Sonically it's a little on the murky side which makes it hard to separate some of the individual sounds and could probably have benefited from a little more clarity in the mix but it does what it does very nicely for the 16 minute runtime and offers an immersive journey to those with a penchant for the dark.

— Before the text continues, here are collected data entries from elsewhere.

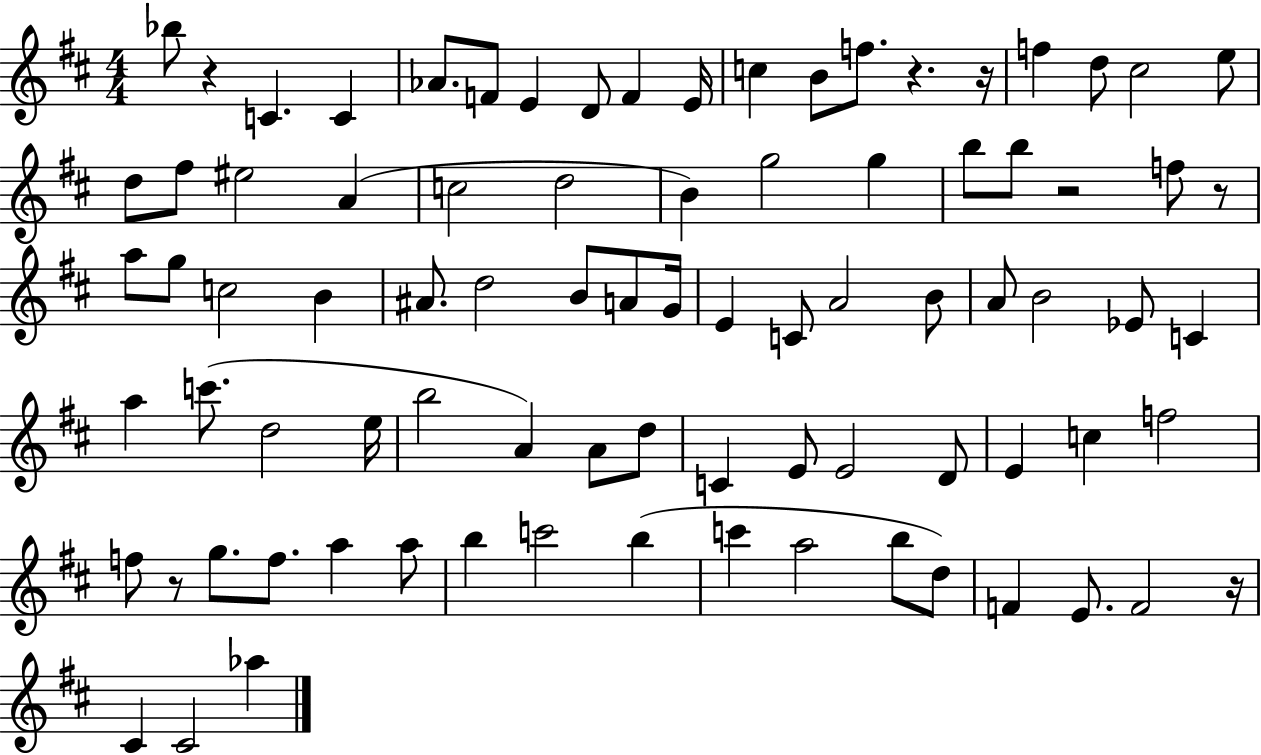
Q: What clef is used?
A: treble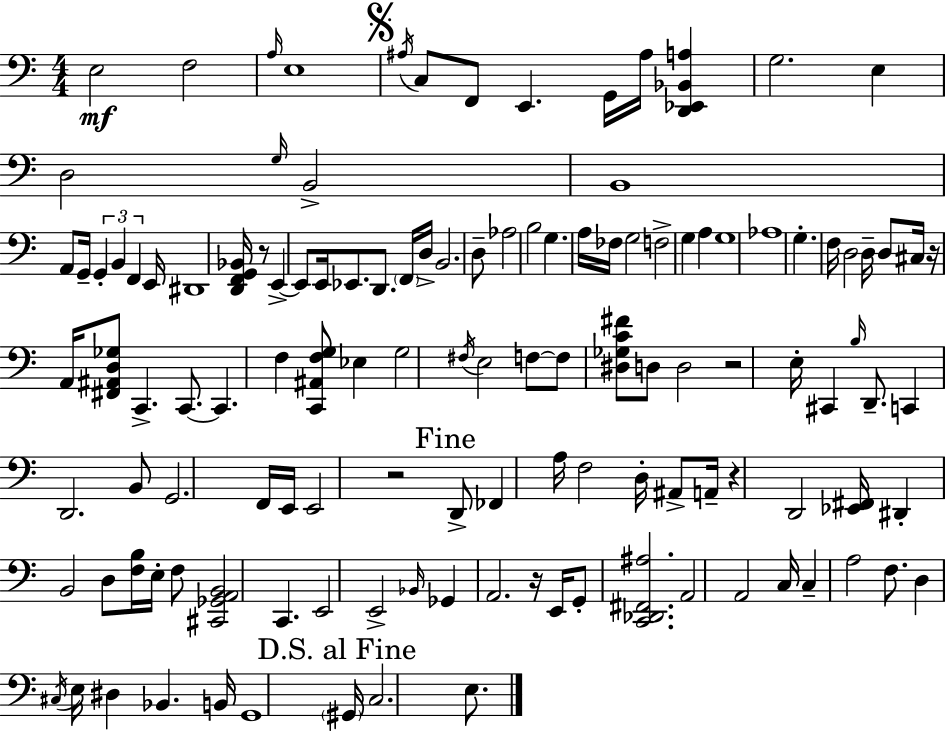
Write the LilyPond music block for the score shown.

{
  \clef bass
  \numericTimeSignature
  \time 4/4
  \key c \major
  e2\mf f2 | \grace { a16 } e1 | \mark \markup { \musicglyph "scripts.segno" } \acciaccatura { ais16 } c8 f,8 e,4. g,16 ais16 <d, ees, bes, a>4 | g2. e4 | \break d2 \grace { g16 } b,2-> | b,1 | a,8 g,16-- \tuplet 3/2 { g,4-. b,4 f,4 } | e,16 dis,1 | \break <d, f, g, bes,>16 r8 e,4->~~ e,8 e,16 ees,8. | d,8. \parenthesize f,16 d16-> b,2. | d8-- aes2 b2 | g4. a16 fes16 g2 | \break f2-> g4 a4 | g1 | aes1 | g4.-. f16 d2 | \break d16-- d8 cis16 r16 a,16 <fis, ais, d ges>8 c,4.-> | c,8.~~ c,4. f4 <c, ais, f g>8 ees4 | g2 \acciaccatura { fis16 } e2 | f8~~ f8 <dis ges c' fis'>8 d8 d2 | \break r2 e16-. cis,4 | \grace { b16 } d,8.-- c,4 d,2. | b,8 g,2. | f,16 e,16 e,2 r2 | \break \mark "Fine" d,8-> fes,4 a16 f2 | d16-. ais,8-> a,16-- r4 d,2 | <ees, fis,>16 dis,4-. b,2 | d8 <f b>16 e16-. f8 <cis, ges, a, b,>2 c,4. | \break e,2 e,2-> | \grace { bes,16 } ges,4 a,2. | r16 e,16 g,8-. <c, des, fis, ais>2. | a,2 a,2 | \break c16 c4-- a2 | f8. d4 \acciaccatura { cis16 } e16 dis4 | bes,4. b,16 g,1 | \mark "D.S. al Fine" \parenthesize gis,16 c2. | \break e8. \bar "|."
}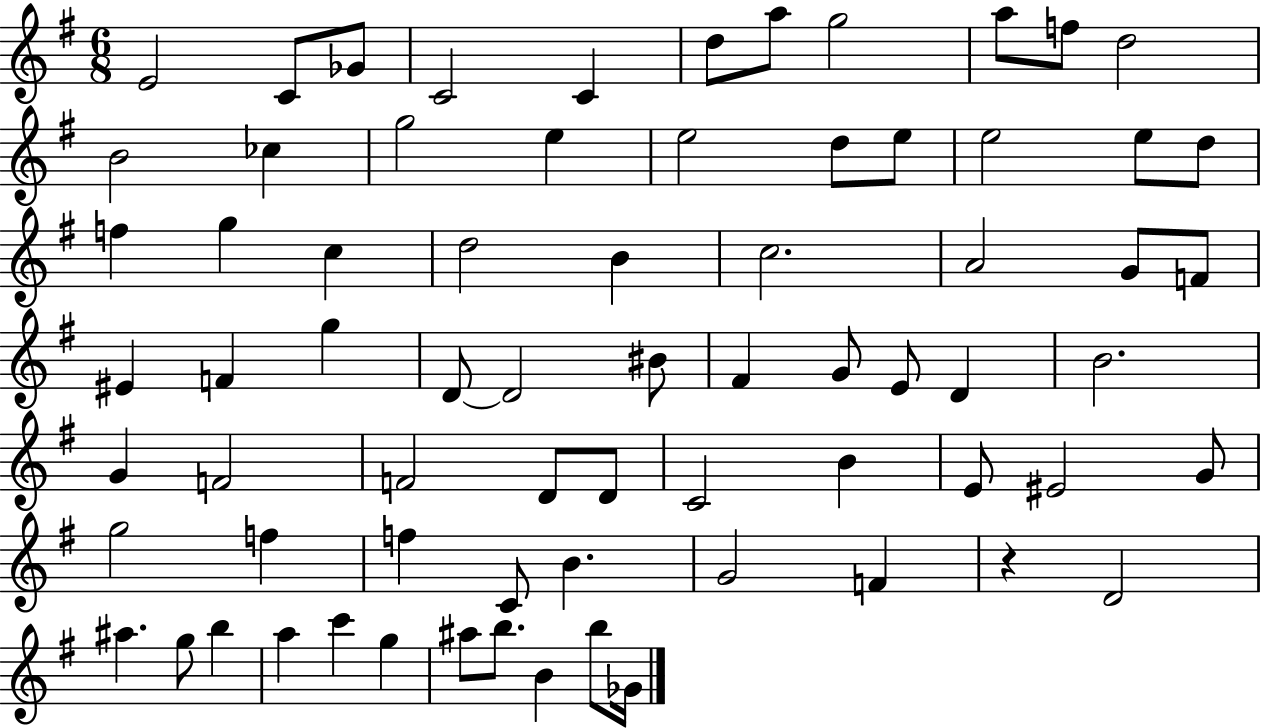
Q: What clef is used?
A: treble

(verhead [AT] muza.freeserve.co.uk)

Cursillistas - Wasp Stings The Last Bitter Flavor
(Digitalis Arts et Crafts Editions ACE 006)
CD
Matt Lajoie's Cursillistas project has been winding it's own merry psyche-folk way for a couple of albums now, all of which had successfully passed me by until this release on the always magnificent Digitalis Records dropped through my door.  It's my understanding that Cursillistas has been slowly evolving over time from a song oriented outfit into it's current free-rolling, trancey and, in all honesty, astonishing current incarnation.  Mixing mantra-like chanting, loops of melody, tribal rhythms with an almost kosmiche exploratory vibe Cursillistas has produced an album of startling complexity and subtle nuances that twists your head into a huge bunch of different shapes. Very, very recommended.